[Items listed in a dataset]
::::

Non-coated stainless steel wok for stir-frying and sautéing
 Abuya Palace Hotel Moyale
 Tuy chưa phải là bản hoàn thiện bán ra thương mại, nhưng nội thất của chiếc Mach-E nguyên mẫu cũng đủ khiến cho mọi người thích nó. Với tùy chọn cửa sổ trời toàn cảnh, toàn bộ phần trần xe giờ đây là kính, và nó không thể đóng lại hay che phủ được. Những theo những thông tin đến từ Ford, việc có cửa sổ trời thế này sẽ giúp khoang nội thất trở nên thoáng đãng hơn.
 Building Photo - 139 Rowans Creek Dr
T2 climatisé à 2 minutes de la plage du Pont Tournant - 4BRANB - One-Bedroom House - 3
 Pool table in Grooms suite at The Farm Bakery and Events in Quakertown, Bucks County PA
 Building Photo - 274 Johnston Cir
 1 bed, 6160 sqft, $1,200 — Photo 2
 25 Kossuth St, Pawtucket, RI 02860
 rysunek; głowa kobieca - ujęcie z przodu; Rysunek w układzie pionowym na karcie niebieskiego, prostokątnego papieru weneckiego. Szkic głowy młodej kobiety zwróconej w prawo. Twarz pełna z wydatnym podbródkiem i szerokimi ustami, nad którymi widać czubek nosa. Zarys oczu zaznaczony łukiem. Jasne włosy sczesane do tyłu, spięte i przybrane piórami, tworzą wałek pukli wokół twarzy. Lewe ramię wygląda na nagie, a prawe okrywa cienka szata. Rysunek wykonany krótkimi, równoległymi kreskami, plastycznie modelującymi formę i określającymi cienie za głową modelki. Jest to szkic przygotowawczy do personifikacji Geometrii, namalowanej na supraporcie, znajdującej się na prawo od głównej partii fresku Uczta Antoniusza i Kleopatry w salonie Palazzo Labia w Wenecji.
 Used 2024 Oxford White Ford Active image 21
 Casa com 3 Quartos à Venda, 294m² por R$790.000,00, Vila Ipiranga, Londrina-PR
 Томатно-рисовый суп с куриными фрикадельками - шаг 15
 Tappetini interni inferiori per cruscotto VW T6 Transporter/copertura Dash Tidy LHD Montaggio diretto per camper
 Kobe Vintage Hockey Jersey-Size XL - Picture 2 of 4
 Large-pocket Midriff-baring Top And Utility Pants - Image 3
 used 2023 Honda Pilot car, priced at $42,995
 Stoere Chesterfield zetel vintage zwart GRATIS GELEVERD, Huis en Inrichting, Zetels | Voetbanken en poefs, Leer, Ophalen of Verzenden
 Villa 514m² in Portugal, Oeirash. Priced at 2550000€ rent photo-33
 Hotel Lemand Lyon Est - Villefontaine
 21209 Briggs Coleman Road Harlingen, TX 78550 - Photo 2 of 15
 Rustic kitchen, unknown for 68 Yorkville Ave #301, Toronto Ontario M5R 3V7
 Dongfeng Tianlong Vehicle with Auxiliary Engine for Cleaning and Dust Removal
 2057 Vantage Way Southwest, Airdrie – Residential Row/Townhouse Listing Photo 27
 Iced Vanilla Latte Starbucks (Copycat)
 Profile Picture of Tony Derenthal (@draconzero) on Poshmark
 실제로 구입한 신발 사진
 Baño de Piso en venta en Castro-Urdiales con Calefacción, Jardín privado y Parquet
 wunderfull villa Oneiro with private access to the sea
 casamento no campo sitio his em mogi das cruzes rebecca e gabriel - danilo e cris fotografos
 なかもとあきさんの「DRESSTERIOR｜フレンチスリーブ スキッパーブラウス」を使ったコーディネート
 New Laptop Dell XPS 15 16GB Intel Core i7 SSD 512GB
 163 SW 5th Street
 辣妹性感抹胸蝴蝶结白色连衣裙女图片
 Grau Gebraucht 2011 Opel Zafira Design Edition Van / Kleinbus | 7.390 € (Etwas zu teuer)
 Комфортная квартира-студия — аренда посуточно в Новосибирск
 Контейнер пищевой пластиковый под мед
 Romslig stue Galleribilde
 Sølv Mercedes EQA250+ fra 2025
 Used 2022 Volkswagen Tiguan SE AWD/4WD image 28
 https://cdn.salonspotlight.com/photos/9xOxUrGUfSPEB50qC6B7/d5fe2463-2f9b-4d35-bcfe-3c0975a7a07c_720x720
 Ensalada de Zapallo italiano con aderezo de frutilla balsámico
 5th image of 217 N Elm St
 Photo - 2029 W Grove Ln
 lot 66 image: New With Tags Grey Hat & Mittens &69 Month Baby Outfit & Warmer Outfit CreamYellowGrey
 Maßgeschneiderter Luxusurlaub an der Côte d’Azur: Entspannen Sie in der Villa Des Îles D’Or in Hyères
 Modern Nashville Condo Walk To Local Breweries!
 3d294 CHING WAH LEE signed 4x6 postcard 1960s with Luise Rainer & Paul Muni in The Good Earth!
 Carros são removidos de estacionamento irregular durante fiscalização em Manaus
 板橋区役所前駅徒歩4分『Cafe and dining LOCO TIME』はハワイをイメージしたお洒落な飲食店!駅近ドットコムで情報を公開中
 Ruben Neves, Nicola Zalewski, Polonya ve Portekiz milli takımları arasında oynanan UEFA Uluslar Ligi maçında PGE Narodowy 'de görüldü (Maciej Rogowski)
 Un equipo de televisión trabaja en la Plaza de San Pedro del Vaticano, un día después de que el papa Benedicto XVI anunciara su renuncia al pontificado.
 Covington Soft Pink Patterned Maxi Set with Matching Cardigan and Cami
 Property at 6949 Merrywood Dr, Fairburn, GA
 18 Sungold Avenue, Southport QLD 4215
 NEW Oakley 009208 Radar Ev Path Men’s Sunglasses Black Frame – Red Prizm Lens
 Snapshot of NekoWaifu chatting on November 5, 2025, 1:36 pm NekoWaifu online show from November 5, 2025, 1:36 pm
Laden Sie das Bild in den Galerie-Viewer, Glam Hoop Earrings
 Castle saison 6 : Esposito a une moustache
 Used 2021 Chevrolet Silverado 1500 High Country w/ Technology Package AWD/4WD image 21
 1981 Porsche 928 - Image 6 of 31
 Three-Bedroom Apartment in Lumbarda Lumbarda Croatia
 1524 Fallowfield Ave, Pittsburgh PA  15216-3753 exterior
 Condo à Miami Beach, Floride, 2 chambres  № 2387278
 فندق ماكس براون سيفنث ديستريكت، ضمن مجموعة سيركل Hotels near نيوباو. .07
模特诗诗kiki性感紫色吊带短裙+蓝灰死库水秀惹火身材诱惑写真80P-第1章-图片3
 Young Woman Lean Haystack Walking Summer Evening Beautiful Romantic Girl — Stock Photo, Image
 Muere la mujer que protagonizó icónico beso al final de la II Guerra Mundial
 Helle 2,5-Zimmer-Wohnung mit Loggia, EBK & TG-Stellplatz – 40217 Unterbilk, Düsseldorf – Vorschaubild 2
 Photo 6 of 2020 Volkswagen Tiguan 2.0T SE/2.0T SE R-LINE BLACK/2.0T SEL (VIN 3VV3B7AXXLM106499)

::::

→ **EXERCISE AIM**
Your reply is to repeat, unchanged, the lines above running from the one with "T2 climatisé à" up to and including the one with "25 Kossuth St, Pawtucket, RI 02860".

→ **TASK SOLUTION**
T2 climatisé à 2 minutes de la plage du Pont Tournant - 4BRANB - One-Bedroom House - 3
 Pool table in Grooms suite at The Farm Bakery and Events in Quakertown, Bucks County PA
 Building Photo - 274 Johnston Cir
 1 bed, 6160 sqft, $1,200 — Photo 2
 25 Kossuth St, Pawtucket, RI 02860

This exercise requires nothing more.